■ Task directions: Two lines in the data below mark the range: the one with "Aimyoo Black Wine" and the one with "Winter Autumn Sunflower". Return both, along with every line between them, exactly.

• • • • • • •

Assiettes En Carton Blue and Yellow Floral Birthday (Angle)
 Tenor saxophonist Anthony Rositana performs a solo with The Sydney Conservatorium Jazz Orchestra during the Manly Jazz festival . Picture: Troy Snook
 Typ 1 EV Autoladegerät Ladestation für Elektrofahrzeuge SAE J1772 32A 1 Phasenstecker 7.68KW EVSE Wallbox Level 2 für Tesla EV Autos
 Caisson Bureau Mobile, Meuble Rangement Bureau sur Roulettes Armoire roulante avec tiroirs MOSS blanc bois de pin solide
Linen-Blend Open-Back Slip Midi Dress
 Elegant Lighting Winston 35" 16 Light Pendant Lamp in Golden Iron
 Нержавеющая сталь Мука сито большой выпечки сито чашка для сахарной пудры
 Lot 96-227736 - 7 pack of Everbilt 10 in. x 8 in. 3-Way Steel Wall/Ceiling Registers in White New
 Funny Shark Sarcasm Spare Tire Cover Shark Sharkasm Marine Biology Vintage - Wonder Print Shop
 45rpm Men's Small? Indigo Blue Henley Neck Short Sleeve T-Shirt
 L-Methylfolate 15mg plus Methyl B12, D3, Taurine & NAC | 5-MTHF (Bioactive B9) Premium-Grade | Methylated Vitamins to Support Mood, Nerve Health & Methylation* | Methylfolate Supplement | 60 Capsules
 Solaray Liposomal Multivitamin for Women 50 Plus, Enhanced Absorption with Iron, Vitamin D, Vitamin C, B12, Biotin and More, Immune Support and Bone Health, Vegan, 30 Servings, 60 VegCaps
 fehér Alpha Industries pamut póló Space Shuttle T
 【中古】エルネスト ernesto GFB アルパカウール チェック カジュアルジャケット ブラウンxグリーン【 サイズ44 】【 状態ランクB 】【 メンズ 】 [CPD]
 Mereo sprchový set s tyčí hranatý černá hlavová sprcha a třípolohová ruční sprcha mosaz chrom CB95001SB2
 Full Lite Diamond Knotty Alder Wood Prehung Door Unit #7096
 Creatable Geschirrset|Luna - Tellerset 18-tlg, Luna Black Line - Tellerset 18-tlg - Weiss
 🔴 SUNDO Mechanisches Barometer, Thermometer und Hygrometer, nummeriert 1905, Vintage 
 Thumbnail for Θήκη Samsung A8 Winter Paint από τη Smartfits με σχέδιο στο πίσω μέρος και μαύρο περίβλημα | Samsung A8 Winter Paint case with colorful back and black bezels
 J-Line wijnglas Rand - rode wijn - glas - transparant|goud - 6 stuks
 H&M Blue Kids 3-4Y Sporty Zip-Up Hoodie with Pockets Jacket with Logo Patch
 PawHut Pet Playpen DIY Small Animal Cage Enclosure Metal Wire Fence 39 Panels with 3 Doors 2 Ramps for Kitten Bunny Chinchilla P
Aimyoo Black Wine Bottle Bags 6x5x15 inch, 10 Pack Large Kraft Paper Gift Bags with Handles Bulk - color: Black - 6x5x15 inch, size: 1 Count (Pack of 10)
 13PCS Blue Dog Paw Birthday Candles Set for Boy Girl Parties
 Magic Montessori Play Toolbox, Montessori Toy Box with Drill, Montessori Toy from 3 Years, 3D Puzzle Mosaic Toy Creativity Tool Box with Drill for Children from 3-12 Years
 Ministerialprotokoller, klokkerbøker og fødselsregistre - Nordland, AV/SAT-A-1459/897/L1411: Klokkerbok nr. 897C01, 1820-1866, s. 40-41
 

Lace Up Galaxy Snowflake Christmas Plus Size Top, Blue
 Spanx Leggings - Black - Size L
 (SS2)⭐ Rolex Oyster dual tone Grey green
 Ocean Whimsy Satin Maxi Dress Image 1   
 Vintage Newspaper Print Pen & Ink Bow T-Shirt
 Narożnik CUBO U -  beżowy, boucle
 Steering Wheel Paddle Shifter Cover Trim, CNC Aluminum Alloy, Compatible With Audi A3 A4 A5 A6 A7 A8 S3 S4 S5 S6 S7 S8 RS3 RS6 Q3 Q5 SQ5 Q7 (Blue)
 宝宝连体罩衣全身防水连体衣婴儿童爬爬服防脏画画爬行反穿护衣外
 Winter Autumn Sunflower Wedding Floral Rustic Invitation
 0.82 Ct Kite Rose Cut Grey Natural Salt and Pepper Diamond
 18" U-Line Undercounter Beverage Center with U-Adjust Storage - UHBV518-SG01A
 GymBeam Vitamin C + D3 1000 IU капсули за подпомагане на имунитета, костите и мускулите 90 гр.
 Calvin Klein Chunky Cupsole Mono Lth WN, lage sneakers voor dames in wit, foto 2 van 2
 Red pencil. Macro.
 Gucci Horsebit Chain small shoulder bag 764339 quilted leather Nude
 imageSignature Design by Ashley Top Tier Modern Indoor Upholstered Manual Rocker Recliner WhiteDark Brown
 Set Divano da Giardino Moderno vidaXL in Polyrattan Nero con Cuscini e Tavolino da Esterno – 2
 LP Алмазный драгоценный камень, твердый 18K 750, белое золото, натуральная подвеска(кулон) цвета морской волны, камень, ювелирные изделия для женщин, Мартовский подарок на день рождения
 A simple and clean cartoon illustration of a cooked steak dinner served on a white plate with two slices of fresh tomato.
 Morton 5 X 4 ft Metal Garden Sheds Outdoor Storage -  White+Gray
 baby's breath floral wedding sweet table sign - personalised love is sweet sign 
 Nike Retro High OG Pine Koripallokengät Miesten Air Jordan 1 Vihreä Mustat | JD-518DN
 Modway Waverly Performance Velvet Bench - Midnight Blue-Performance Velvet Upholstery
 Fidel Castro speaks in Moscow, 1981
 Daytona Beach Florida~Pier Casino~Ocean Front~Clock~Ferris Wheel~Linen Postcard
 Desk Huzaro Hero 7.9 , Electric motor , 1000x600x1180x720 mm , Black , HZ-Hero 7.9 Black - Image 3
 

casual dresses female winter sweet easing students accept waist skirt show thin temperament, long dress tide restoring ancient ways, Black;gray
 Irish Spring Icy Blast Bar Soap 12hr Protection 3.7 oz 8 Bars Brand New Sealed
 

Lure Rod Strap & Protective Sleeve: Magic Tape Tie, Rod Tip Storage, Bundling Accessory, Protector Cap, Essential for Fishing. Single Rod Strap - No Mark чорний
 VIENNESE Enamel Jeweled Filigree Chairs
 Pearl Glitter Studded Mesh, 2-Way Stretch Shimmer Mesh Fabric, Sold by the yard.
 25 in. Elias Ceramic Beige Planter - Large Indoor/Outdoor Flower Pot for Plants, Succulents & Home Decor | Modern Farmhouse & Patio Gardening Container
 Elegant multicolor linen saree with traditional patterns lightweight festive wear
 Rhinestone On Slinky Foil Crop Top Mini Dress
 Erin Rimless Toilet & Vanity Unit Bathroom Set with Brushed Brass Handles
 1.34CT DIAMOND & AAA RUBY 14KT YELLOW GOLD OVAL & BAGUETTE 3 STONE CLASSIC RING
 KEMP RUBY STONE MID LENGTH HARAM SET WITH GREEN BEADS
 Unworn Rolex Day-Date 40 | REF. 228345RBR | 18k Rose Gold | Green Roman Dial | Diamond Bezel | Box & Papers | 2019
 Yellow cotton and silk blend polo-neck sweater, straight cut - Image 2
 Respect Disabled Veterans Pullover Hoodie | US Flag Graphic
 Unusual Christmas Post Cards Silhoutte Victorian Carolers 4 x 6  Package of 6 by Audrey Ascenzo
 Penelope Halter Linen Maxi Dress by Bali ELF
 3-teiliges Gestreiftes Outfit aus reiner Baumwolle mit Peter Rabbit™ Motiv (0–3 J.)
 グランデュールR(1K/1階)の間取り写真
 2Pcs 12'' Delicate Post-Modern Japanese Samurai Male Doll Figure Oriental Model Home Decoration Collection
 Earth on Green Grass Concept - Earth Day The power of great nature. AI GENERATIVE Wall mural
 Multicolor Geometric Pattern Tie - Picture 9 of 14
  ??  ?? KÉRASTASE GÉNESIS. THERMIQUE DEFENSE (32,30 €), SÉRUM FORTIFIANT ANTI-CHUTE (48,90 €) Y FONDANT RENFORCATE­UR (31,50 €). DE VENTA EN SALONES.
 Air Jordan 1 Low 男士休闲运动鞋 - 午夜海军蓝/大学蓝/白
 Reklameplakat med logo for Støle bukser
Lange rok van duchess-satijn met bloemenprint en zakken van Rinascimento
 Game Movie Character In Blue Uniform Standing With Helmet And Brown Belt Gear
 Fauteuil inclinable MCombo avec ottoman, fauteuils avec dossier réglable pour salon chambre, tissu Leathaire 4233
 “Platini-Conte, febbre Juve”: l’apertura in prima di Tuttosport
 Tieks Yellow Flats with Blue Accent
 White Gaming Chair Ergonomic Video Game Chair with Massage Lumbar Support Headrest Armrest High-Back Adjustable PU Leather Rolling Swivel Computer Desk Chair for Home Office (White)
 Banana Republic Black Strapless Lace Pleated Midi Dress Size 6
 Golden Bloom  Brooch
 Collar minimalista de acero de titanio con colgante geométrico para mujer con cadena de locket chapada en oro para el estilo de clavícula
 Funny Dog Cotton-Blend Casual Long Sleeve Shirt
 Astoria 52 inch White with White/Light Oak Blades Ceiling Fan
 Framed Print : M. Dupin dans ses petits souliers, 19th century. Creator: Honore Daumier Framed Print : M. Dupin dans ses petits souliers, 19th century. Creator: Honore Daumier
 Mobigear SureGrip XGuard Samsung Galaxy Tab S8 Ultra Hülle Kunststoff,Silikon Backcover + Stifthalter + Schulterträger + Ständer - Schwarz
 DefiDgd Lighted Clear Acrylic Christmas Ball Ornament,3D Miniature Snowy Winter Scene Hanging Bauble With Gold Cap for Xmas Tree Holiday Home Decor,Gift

• • • • • • •

■ Solution for this exercise:
Aimyoo Black Wine Bottle Bags 6x5x15 inch, 10 Pack Large Kraft Paper Gift Bags with Handles Bulk - color: Black - 6x5x15 inch, size: 1 Count (Pack of 10)
 13PCS Blue Dog Paw Birthday Candles Set for Boy Girl Parties
 Magic Montessori Play Toolbox, Montessori Toy Box with Drill, Montessori Toy from 3 Years, 3D Puzzle Mosaic Toy Creativity Tool Box with Drill for Children from 3-12 Years
 Ministerialprotokoller, klokkerbøker og fødselsregistre - Nordland, AV/SAT-A-1459/897/L1411: Klokkerbok nr. 897C01, 1820-1866, s. 40-41
 

Lace Up Galaxy Snowflake Christmas Plus Size Top, Blue
 Spanx Leggings - Black - Size L
 (SS2)⭐ Rolex Oyster dual tone Grey green
 Ocean Whimsy Satin Maxi Dress Image 1   
 Vintage Newspaper Print Pen & Ink Bow T-Shirt
 Narożnik CUBO U -  beżowy, boucle
 Steering Wheel Paddle Shifter Cover Trim, CNC Aluminum Alloy, Compatible With Audi A3 A4 A5 A6 A7 A8 S3 S4 S5 S6 S7 S8 RS3 RS6 Q3 Q5 SQ5 Q7 (Blue)
 宝宝连体罩衣全身防水连体衣婴儿童爬爬服防脏画画爬行反穿护衣外
 Winter Autumn Sunflower Wedding Floral Rustic Invitation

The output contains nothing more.